SUPPLIED RECORDS Block Start

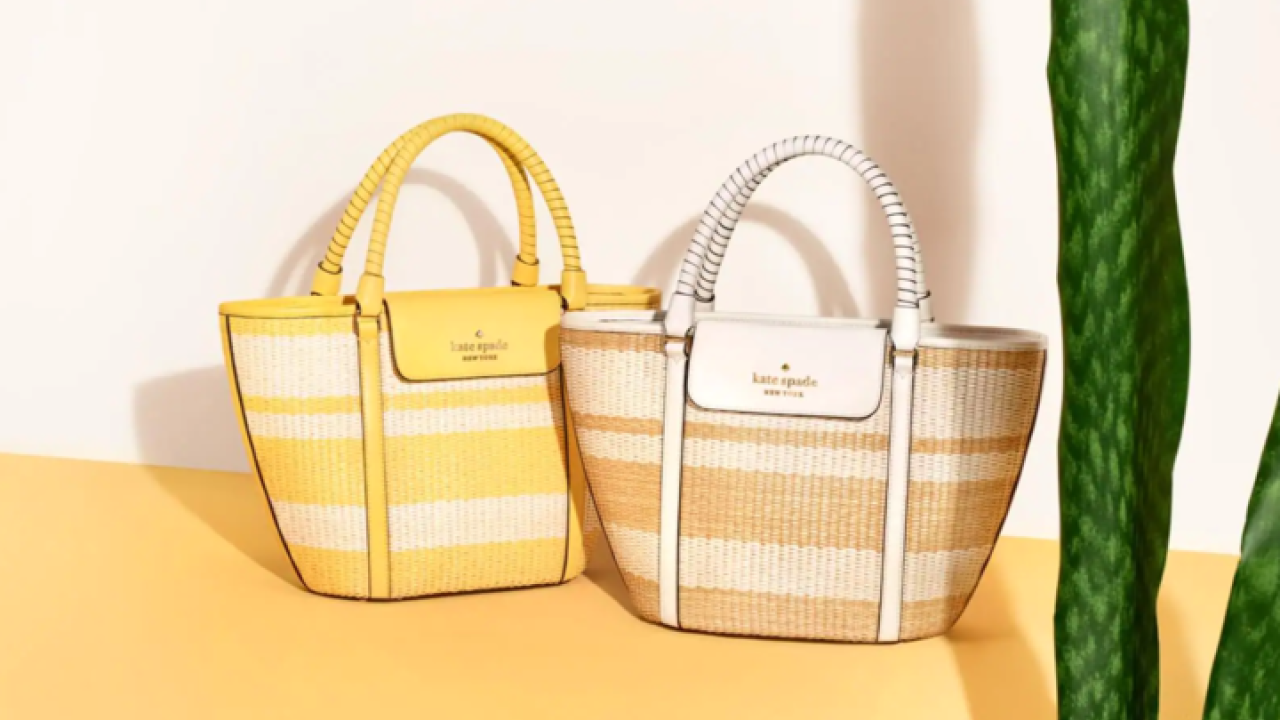 kate spade summer handbags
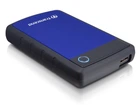 Жорсткий диск Transcend StoreJet 25H3P, Dark Blue (TS2TSJ25H3B)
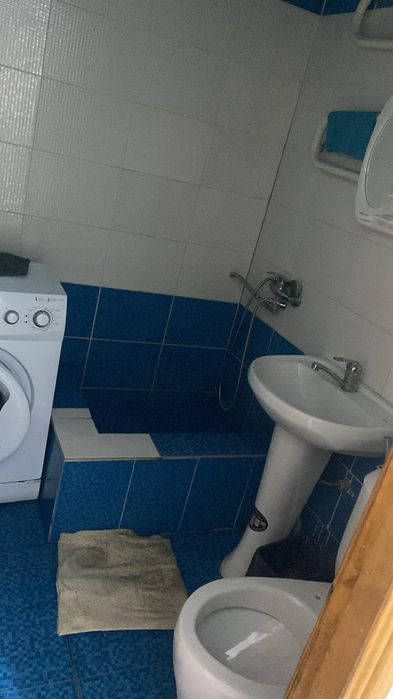 Сдаётся 1- комнатная квартира.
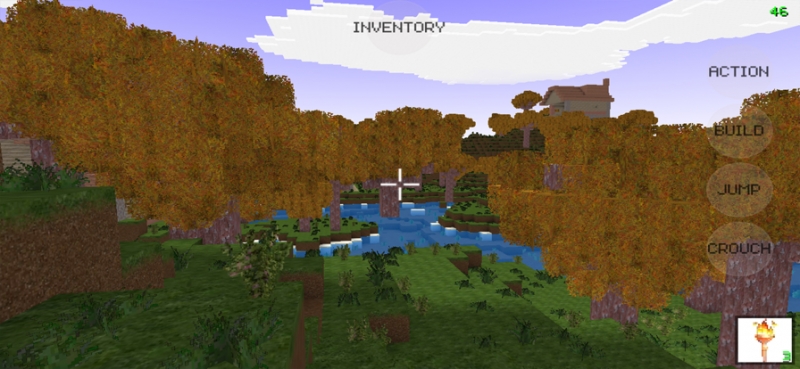 Craft Clever Swordsios版1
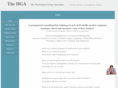 thehga.com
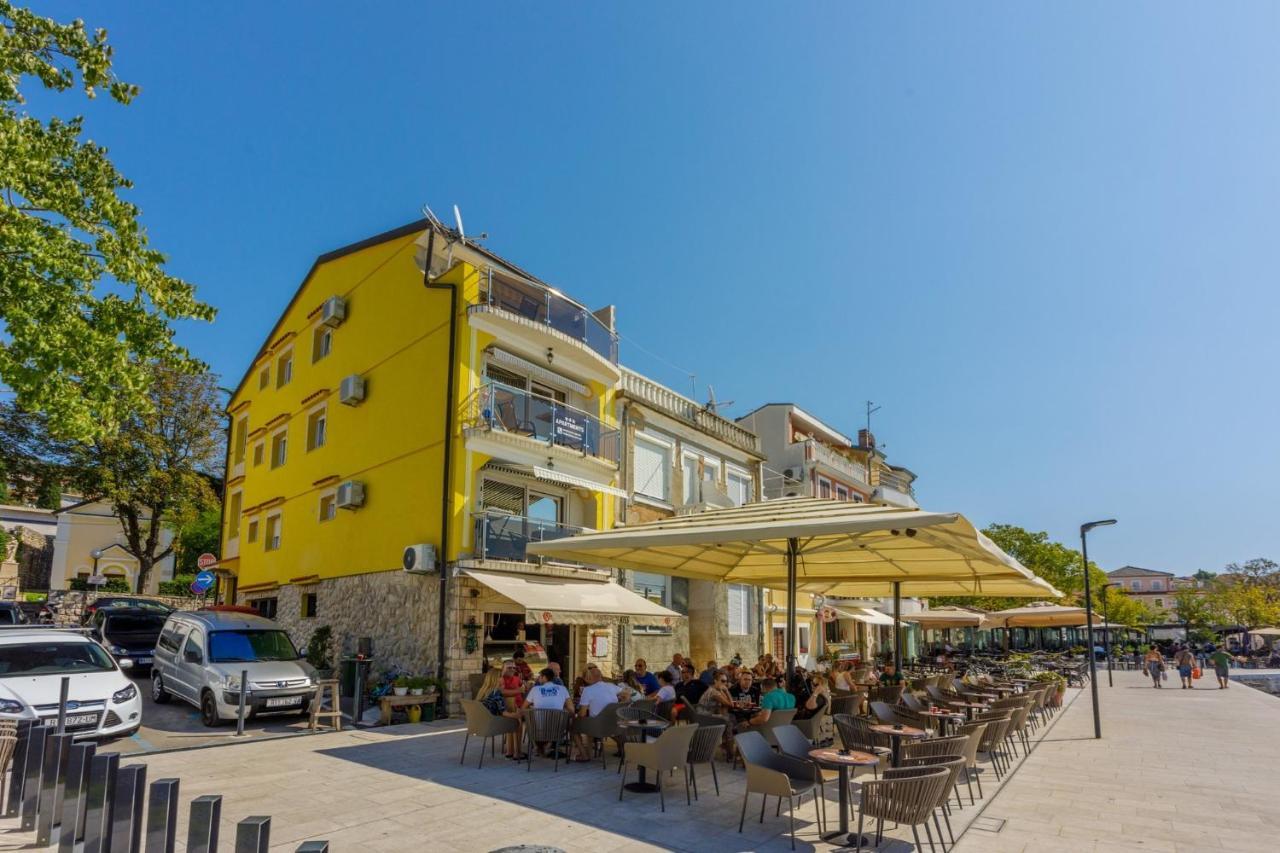 Mali Marino Selce Apartment Exterior photo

SUPPLIED RECORDS Block End

EXERCISE DETAILS
This task calls for the lines from the line holding "Жорсткий диск Transcend" through the last line above, restated word for word with both ends included and the pictures dropped.

WRITTEN SOLUTION
 Жорсткий диск Transcend StoreJet 25H3P, Dark Blue (TS2TSJ25H3B)
 Сдаётся 1- комнатная квартира.
 Craft Clever Swordsios版1
 thehga.com
 Mali Marino Selce Apartment Exterior photo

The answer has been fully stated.